This section is from the "Practical Banking" book, by Albert S. Bolles.
We have already said that every bank had a leading business official who was either the president, vice-president or cashier. The presidents of the country banks very generally perform only a few duties besides those required by law which cannot be delegated. Here and there may be found a president who is the real head of the concern. In the larger cities the president, in most cases, is the real manager, who is elected to act in that capacity, and on whom the responsibility and success of the bank depend.
The cashier, unless there be a vice-president, ranks next to the president, and has certain specified duties to perform. These are mentioned in the law under which the bank exists. But from what has been already said, he may also be the real head of the bank in conducting its business, and this is often the case, especially in country banks, which form by far the majority of the whole number.
His specific duties may be thus defined. He keeps a record of the meetings of the directors, at which he acts as secretary. The certificates of stock issued to shareholders are signed by him as well as the president, and so are the bank notes which circulate as money. Checks also drawn on other banks are signed by him, unless absent, when they are signed by the president. Drafts and notes sent away to other banks are endorsed by him. These endorsements are usually stamped:
or order, for colln for acct of Arctic National Bank, N. Y.
John Smith, Cashier"
The correspondence of the bank is conducted in the name of the cashier, and when his signature is alone required that of the president may be substituted, but the alternate substitution cannot be made. Formerly a cashier could hold no stock in his bank, and it was regarded an improper thing for him to keep his personal account in it. The pecuniary relations of the president, also, toward his bank were the same. This is no longer the case. The cashier is usually a stockholder, and often a director. Under the National banking system, whereby personal liability to the amount of the stock is borne by everyone, if the cashier owns stock he is supposed to be more interested in the success of the bank than if he had no pecuniary interest.
The cashier is appointed by the directors, and may serve for any length of time. He gives a bond for ten thousand or twenty thousand dollars for the faithful performance of the duties of his office, and which is signed by two sureties. Each clerk also gives a similar bond, and usually for five thousand dollars. These bonds do not cover losses occasioned by misjudgment or neglect, but only fraudulent transactions. The requirement would be unreasonable to hold these officials liable for losses of every kind.
The bondsmen are men of character and wealth. Their names are submitted to the board of directors, or more generally to the officers, for the purpose of making whatever investigation may be needful. If they do not approve of those offered, others must be procured. In the event of a loss, which the bondsmen must pay, it is divided among them equally.

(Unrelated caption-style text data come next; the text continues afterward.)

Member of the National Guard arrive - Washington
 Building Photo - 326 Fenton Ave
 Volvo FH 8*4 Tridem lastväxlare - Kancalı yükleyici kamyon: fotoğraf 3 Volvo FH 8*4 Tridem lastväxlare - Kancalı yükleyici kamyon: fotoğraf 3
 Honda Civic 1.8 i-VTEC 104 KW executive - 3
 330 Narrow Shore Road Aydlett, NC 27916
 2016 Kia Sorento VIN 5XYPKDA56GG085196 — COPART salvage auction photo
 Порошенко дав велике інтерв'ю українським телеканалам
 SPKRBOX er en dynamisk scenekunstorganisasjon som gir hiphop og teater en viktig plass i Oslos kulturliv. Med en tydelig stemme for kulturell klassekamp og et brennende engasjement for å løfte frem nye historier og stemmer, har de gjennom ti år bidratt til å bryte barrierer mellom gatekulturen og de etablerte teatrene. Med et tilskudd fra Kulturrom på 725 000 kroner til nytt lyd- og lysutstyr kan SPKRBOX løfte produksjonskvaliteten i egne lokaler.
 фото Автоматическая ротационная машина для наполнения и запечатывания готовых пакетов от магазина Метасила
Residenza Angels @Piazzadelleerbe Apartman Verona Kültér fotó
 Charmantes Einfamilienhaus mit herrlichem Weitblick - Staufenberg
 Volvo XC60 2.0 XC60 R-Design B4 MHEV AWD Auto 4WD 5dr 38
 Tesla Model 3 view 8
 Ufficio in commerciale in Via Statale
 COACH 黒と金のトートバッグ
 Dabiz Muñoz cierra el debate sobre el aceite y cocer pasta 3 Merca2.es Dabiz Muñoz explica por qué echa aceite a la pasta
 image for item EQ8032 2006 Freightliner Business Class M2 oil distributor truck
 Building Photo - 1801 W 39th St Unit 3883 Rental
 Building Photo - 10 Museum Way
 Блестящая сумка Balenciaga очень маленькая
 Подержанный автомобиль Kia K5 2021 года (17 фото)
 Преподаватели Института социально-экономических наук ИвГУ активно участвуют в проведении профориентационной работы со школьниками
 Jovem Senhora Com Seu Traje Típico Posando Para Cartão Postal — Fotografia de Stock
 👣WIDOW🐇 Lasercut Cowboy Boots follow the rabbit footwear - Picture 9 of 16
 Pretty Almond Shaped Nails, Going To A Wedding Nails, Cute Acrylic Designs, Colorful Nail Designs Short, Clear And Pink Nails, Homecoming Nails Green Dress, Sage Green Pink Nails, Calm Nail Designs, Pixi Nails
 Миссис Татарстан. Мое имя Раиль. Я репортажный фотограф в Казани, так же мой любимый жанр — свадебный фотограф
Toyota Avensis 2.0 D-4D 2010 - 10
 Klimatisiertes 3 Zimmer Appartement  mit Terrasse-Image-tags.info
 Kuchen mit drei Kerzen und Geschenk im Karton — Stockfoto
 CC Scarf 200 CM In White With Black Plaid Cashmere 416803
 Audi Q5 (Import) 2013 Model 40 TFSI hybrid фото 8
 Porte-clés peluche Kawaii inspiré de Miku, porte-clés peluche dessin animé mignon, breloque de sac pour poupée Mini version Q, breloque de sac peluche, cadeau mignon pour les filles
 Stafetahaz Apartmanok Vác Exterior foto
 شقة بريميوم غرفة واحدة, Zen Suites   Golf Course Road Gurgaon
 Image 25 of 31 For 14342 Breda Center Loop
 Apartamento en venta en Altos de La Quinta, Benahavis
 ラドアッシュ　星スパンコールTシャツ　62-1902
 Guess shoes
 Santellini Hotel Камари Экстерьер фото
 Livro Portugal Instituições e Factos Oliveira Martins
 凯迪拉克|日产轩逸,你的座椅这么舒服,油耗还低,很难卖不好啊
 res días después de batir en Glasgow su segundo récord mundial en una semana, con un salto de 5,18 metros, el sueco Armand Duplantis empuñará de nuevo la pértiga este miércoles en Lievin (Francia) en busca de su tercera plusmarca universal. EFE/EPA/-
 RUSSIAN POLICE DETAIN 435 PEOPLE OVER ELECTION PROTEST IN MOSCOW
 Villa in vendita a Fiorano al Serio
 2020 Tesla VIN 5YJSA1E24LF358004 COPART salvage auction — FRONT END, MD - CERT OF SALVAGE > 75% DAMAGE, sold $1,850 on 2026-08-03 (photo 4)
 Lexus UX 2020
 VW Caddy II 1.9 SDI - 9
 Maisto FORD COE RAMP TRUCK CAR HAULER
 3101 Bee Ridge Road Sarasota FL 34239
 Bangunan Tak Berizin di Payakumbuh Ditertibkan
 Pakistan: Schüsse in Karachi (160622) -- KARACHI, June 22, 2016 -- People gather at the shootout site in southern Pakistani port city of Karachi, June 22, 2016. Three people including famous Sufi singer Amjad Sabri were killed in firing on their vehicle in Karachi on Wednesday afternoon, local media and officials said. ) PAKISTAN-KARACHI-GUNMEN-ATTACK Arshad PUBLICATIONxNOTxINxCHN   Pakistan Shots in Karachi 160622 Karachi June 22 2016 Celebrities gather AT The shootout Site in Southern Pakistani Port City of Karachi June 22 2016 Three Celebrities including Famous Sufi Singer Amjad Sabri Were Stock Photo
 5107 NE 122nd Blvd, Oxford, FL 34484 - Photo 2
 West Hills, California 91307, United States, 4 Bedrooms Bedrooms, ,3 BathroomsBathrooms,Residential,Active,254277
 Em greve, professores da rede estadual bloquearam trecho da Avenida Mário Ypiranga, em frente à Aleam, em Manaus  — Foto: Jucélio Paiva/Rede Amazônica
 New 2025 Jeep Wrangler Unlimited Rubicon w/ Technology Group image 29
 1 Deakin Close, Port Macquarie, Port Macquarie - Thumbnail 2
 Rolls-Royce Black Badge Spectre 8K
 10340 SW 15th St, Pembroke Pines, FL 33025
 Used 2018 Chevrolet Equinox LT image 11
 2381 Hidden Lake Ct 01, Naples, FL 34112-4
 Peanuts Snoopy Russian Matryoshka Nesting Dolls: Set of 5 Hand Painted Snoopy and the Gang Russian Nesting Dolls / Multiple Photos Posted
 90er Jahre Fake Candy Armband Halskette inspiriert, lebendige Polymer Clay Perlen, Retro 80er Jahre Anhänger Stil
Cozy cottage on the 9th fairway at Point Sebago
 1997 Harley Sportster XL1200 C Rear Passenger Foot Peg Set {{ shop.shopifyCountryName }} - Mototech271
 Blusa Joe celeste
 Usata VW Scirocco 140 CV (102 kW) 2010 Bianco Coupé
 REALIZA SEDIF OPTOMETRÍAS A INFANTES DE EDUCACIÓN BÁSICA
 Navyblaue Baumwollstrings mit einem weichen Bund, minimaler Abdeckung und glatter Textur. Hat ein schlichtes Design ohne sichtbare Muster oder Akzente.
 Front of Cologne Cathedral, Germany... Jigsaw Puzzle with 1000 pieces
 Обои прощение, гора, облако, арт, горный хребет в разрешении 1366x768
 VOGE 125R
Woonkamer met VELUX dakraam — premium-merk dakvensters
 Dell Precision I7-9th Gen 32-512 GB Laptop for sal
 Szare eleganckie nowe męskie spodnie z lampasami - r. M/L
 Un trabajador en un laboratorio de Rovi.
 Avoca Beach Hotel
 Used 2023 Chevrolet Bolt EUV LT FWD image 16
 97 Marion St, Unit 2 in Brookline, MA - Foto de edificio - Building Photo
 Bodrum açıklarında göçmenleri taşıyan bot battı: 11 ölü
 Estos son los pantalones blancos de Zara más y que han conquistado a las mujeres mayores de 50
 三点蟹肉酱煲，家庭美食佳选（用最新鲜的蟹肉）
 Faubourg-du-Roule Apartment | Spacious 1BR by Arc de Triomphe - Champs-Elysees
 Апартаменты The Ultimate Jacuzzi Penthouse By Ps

When an official has been promoted he must give another bond, as the existing one does not protect the bank in the event of a fraudulent loss occasioned by him after his promotion. Recently, several cases have come to light of negligence on the part of directors in not procuring new bonds after making promotions. Frauds were discovered, the bondsmen were sued, but the courts decided that the bonds given simply related to the conduct of the principals when holding the offices named in the instruments.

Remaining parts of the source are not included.